Based on the defensiveness in her voice, I’d say that’s a recently shared opinion.

“It’s a pretty big house. I’m set up in the downstairs bedroom and the living room. The upstairs would be all yours. There’s two bedrooms up there, and one has a balcony facing the water. It’s not a bad layout.”

“I know the layout. I chose this house for that balcony off the primary bedroom. And the huge tub in the bathroom. Why would you stay in the smaller bedroom down here when you had the whole house to choose from?”

“Everything I need is down here.”

“Well, I don’t need you down here making noise while I’m trying to focus, so I’d much rather you go to a hotel.” She sprinkles sunflower seeds over her artfully designed salad. “But, since this place is technically yours for the week, I’ll take the bet. Just so we’re clear, if I guess two more personal things about you, you go to a hotel, but if you can come up with three things we have in common, neither of us leaves?”

“Yep. That’s the deal.” I extend my hand, and to my surprise, she shakes it without hesitation. There’s a spark in her eyes that tells me she’s got a competitive streak. It’s not lost on me that she wins either way because she gets to stay in the house, regardless.

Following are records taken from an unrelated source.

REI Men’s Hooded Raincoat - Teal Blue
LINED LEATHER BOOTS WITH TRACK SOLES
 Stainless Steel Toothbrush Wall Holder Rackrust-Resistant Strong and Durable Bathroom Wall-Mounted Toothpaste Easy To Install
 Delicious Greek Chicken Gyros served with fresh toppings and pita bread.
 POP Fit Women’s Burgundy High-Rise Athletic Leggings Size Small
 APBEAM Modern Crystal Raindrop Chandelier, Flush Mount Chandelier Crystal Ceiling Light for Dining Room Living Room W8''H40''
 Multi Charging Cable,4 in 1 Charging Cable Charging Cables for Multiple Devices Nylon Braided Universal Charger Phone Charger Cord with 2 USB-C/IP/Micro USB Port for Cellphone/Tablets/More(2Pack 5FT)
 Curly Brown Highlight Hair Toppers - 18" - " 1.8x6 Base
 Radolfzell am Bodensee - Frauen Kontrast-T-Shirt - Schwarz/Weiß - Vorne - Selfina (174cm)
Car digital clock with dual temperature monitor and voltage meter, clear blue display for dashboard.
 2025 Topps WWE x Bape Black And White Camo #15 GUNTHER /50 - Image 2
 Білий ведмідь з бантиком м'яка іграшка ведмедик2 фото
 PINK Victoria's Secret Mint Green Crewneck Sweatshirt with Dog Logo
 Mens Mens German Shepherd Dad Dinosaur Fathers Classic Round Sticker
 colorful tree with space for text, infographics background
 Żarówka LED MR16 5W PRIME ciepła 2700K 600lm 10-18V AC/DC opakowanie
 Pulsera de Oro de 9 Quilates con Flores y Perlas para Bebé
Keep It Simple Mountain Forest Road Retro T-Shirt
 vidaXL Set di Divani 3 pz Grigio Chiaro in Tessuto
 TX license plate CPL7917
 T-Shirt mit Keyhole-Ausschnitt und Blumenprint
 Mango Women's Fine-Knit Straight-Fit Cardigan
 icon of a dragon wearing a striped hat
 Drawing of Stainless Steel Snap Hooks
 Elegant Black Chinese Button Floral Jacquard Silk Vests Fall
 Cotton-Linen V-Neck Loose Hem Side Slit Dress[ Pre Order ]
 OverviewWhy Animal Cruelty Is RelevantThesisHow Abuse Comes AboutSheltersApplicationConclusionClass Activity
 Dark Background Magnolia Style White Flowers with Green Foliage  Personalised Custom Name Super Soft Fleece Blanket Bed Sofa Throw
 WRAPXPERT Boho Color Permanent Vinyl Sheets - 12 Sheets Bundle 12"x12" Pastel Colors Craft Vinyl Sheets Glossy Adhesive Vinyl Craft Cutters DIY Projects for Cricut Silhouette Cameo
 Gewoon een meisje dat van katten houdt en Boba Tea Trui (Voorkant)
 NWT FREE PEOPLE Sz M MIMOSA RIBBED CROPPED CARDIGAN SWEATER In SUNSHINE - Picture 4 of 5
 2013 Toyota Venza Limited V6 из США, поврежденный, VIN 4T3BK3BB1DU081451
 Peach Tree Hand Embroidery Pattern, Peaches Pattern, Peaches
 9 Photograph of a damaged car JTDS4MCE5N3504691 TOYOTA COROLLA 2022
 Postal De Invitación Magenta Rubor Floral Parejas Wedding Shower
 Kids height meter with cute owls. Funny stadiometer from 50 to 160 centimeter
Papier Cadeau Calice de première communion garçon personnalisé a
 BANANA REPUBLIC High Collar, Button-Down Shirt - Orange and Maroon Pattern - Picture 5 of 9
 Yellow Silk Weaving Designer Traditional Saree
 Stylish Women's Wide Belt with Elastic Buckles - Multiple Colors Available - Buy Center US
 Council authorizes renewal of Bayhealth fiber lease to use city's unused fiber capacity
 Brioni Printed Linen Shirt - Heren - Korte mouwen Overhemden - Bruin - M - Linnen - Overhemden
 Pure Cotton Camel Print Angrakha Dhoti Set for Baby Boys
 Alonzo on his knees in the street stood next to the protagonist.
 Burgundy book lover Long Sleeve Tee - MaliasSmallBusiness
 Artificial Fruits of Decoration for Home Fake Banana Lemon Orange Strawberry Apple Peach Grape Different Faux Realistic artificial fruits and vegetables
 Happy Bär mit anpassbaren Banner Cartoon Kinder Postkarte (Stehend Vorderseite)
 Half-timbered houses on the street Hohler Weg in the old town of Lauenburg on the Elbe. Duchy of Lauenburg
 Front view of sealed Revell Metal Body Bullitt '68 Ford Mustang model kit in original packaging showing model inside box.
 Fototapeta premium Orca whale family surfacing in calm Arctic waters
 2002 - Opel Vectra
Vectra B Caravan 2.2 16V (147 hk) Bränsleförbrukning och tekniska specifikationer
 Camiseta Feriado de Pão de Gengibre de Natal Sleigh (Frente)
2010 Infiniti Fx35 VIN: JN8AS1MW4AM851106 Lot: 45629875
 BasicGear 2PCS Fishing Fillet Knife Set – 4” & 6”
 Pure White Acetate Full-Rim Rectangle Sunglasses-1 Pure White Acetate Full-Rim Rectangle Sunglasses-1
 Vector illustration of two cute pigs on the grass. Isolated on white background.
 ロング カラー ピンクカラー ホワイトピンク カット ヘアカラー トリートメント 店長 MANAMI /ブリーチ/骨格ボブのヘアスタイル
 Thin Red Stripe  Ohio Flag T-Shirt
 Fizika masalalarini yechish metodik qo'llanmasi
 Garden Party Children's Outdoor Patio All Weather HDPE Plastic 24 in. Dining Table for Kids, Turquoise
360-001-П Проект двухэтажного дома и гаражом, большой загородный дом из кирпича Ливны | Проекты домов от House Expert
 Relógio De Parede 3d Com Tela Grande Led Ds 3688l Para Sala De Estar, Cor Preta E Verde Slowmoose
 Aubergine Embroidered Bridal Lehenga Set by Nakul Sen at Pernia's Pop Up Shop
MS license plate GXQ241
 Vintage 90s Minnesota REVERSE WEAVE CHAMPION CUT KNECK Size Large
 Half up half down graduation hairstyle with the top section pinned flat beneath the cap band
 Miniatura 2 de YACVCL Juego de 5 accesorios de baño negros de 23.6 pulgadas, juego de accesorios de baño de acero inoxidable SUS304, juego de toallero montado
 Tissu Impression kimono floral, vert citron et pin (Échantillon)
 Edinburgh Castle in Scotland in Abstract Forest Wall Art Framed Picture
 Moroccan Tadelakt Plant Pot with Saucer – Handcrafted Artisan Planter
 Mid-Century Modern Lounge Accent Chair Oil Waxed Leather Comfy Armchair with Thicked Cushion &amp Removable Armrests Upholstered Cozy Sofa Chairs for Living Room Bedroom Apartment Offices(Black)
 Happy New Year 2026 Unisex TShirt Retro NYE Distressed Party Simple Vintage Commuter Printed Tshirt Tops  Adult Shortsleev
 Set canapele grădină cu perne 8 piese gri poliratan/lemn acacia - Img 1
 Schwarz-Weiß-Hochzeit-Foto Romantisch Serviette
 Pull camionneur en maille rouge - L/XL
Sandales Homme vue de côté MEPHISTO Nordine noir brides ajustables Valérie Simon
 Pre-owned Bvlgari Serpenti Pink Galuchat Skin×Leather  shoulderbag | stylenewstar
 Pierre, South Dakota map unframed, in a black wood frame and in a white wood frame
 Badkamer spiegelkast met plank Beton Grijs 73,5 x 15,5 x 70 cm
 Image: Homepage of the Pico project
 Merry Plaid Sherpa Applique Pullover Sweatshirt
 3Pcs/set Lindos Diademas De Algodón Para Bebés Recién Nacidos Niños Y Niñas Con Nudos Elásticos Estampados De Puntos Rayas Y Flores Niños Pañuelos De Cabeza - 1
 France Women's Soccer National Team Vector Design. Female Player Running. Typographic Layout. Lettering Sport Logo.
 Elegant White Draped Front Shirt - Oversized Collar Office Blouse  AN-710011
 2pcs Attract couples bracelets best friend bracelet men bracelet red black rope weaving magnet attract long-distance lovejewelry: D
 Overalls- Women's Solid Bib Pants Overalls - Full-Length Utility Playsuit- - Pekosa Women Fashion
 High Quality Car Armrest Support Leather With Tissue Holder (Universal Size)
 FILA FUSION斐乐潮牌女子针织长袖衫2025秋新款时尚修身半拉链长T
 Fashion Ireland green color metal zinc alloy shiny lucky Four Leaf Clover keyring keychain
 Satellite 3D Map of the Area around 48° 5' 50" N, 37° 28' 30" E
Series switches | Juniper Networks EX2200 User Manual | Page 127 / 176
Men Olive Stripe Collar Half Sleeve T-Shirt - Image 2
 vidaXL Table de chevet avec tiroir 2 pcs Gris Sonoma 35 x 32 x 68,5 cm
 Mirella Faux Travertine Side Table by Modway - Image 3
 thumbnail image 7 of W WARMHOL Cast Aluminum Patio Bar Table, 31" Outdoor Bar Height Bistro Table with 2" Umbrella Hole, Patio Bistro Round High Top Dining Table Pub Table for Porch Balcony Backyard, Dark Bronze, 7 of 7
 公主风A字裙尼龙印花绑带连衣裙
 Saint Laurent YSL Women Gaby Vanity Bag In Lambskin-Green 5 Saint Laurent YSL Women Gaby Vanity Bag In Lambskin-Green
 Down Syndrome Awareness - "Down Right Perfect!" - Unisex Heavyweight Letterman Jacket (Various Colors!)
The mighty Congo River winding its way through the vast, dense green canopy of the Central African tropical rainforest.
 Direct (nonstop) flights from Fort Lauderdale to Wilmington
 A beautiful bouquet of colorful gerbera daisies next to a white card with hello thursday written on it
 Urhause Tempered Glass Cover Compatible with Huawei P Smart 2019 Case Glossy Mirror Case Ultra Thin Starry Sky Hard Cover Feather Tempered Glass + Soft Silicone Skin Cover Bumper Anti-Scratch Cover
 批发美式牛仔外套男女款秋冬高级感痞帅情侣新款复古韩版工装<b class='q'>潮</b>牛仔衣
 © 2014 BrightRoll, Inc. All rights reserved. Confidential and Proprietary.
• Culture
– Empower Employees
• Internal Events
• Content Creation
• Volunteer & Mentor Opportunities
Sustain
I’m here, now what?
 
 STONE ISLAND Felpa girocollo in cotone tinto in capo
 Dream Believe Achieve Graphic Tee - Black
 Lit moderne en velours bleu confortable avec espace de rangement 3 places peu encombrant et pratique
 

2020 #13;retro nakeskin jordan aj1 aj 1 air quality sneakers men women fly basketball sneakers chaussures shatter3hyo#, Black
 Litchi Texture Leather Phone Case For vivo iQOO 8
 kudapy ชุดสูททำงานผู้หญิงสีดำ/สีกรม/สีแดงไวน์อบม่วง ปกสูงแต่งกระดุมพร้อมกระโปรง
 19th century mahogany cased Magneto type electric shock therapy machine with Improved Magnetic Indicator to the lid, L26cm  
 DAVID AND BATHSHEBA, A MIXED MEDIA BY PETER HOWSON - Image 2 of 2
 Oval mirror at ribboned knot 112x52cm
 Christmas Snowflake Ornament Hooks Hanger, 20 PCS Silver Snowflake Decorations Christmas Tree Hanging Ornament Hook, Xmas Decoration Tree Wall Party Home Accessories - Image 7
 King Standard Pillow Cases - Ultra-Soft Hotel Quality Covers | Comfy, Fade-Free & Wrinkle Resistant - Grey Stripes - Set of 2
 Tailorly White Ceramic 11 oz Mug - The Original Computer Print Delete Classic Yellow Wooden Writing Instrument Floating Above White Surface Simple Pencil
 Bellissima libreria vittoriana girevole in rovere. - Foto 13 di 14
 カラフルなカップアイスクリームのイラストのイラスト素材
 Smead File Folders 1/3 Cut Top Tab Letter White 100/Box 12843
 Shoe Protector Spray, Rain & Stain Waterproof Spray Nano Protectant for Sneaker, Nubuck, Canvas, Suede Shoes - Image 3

But I think someone hasn’t treated her right. And that’s one thing we have in common, but I’ll hold onto that for now. No need to get personal this soon.

“So, it appears we both like chicken on our salads.” I smirk at her, and I’m not even a little bit sorry for it. “That’s one thing we have in common.”

“That’s too superficial,” she argues. “You can’t count salad ingredients as things we have in common.”

“I won’t count every ingredient because I’d win right now, but we didn’t set parameters on what types of things we had to have in common.” I pick up my plate and head for the table. “And we already shook on it. We’re one for one. Now, we each only have to come up with two more things.”

She walks with deliberate steps as she approaches the table to join me, never taking her eyes off mine. “I propose an amendment.”

“Of course you do. Let’s hear it.”

“The rest of our guesses have to be personally meaningful in order to count. Like, I can’t just say I’ve figured out that you like graphic tees because you’re wearing one. And you can’t say we both like the beach because we rented this house.”

“How do we decide if something is meaningful enough to count? There are only two of us, so we can’t go with majority rule.”

“We’ll have to make our case until the other person agrees.”

“Hmmm,” I say. “Why do I get the feeling you just like to argue?”

“Me? I am the most conflict-averse person you’ll ever met. I hate to argue. Not that I won’t do it when it’s necessary, but I don’t enjoy it.”

Well, damn. That’s two things we have in common. I’ll hold onto this one, too. We’ve both been recently hurt. We both avoid conflict for as long as possible. Those are meaningful things, but they’re too heavy for dinner conversation.

Besides, as soon as I win the bet, we’ll be relegated to separate floors, and I’m not ready for us to get out of each other’s way just yet. I have work to do, but I’d much rather push her buttons instead. To watch that fire in her eyes ignite again. To see her hair get a little messier.